We can calculate the posterior probability for \(\theta \), but we need a prior \(P(\theta )\).

\(P(\theta | X)=\dfrac{P(X|\theta )P(\theta )}{P(X)}\)

Empirical Bayes

With empirical Bayes we get our prior from the data.

We have \(P(X|\theta )\)

And \(P(\theta |\rho )\)

We observe \(X\) and want to estimate \(\theta \).

\(P(\theta |X)=\dfrac{P(X|\theta)P(\theta )}{P(X)}=\dfrac{P(X|\theta)}{P(X)}\int P(\theta | \rho )P(\rho )d\rho \)

Prior and posterior predictive distributions

Prior predictive distribution

Our prior predictive distribution for \(X\) depends on our prior for \(\theta \).

\(P(\mathbf x)=\int_\Theta P(\mathbf x|\theta)P(\theta )d\theta \)

Posterior predictive distribution

Once we have calculated \(P(\theta |X)\), we can calculate a posterior probability distribution for \(X\).

\(P(\mathbf x|\mathbf X)=\int_\Theta P(\mathbf x|\theta)P(\theta |\mathbf X)d\theta \)

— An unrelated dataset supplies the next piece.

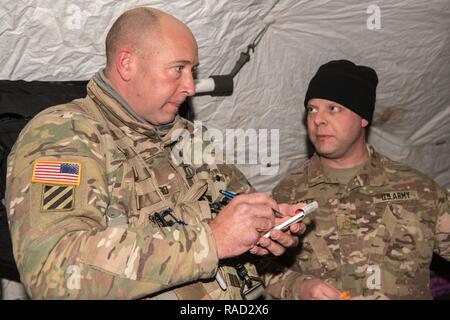 Grafenwöhr, Deutschland - Sgt. Tschad F. Salinero, ein Flug medic mit C Company, 1-214 th Allgemeine Luftfahrt, erhält Bericht über einen simulierten Unfall von Maj. Joshua A. Scott, eine allgemeine Chirurg mit 67 Vorwärts OP-Team, vor aeromedical Evacuation, Jan. 11, 2017. Stockfoto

Point estimates for parameters

Estimators

When we take statistics we are often concerned with inferring properties of the underlying probability function.

As the properties of the probability distribution function affect the chance of observing the sample, we can analyse samples to infer properties of the underlying distribution.

There are many properties would could be interested in. This includes moments and parameters of a specific probability distribution function.

An estimator is a statistic which is our estimate of one of these values.

Emphasise that statistics and estimators are different things. A statistic may be terrible estimator, but be useful for other purposes.

Sufficient statistics

We can make estimates of a population parameter using statistics from the same.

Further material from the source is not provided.